In its initial form, the process involved engaging a spirit guide to establish psychic contact with one’s parents when they were children. People undergoing the process were encouraged to discharge their pent-up resentment toward their parents by crying, screaming and beating pillows.
Brannigan, who has undergone the process and works as one of the institute’s 40 certified instructors, said that Hoffman, like developmental psychologists, attributed many emotional problems to parenting in early childhood.
“We do invite people to look at their own parents’ childhood,” Brannigan said, “to find a place of compassionate understanding for what their parents must have experienced in their own childhood.”
“To that extent, yes, we are inviting people to form a kind of connection to their mother and father through their own imagery and understanding,” he said, “but I wouldn’t say it’s necessarily a psychic connection.”
As for beating pillows, Brannigan said, “We do expressive, cathartic work that helps people discharge held energy. It doesn’t necessarily require screaming.”
Diener said, “Their work has to do with holistic integration of the self, as far as I understand it. Many of the groups that currently use Santa Sabina have similar kinds of programming, so they fit in.”
Celebrities such as Katy Perry and Justin Bieber have undergone the process, and stories about the Hoffman Institute have appeared in such magazines as British GQ and Cosmopolitan.
The Hoffman Institute began offering its multi-day retreat in 1985. Brannigan estimates that 120,000 people worldwide have undergone the process. He said the instruction is being provided in 13 or 14 countries.
The organizations offering the retreats in other countries are separate financial entities. Brannigan said that Hoffman Institute International, an umbrella organization, ensures that best practices are being maintained across the different locations.
Brannigan said he has a master’s degree in psychology from Naropa University in Boulder, Colorado, but a bachelor’s degree in any subject is the only academic requirement to work as a Hoffman Institute instructor.
“Because we’re not doing therapy, we don’t require credentialed therapists,” Brannigan said. “We look for people with really great empathy.”
Brannigan said there will be some refurbishment at Santa Sabina but no major changes.
“We’re not doing any kind of teardown or anything like that,” he said. “We do see some renovation of the classrooms, adding air conditioning, some things like that.”

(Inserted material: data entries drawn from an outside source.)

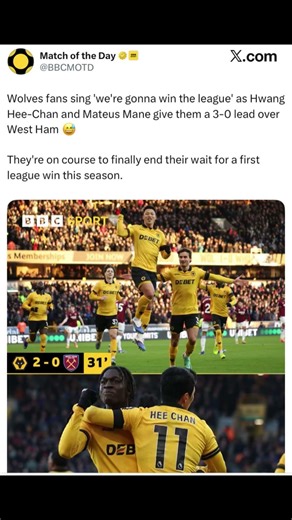 Wolves fans sing 'we're gonna win the league #foryou #news #trading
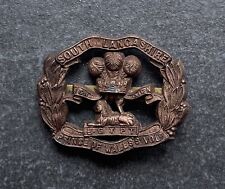 WW2 South Lancashire Regiment Original Economy Issue Plastic Cap Badge picture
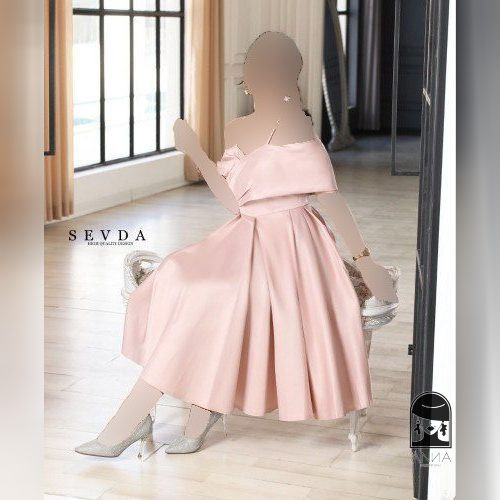 پوشاک زنانه مدل عروسکی مهلا جنس ساتن آمریکایی دوخت و پارچه سایز 3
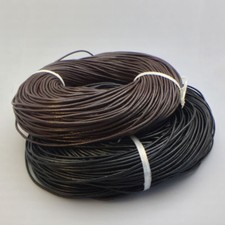 Genuine Round Leather Cord for DIY Jewelry Necklace Bracelet Making String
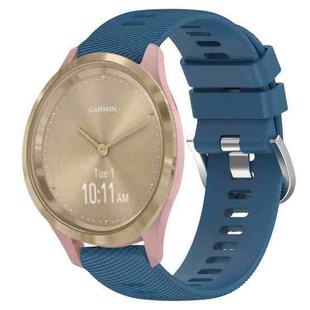 For Garmin Vivomove 3S 18mm Solid Color Silicone Watch Band(Blue)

The building’s Tudor-Gothic architecture was inspired by the Dominican Monastery at Stoke-on-Trent in England. The center includes a chapel that accommodates 40 to 60 people, a prayer room suitable for a gathering of a similar size, a conference room that seats 100 people, a dining room that seats 60 people, 38 bedrooms, a library, a pillow room adjacent to the library with a wood-burning fireplace, a smaller meeting room that fits about a dozen people, three staff offices, an inner courtyard garden, a straw bale hermitage and a yurt.
Diener said the money from the sale will help cover the ongoing cost of caring for members of the order and maintaining its remaining property. Diener and a few staff members who live at the center will be forced to relocate.
“This is a hard place for us to let go of,” Diener said. “It’s deep in our history. It’s a place we love dearly. Many sisters who are still active in the order made their novitiate here, so it holds a special place in their hearts.”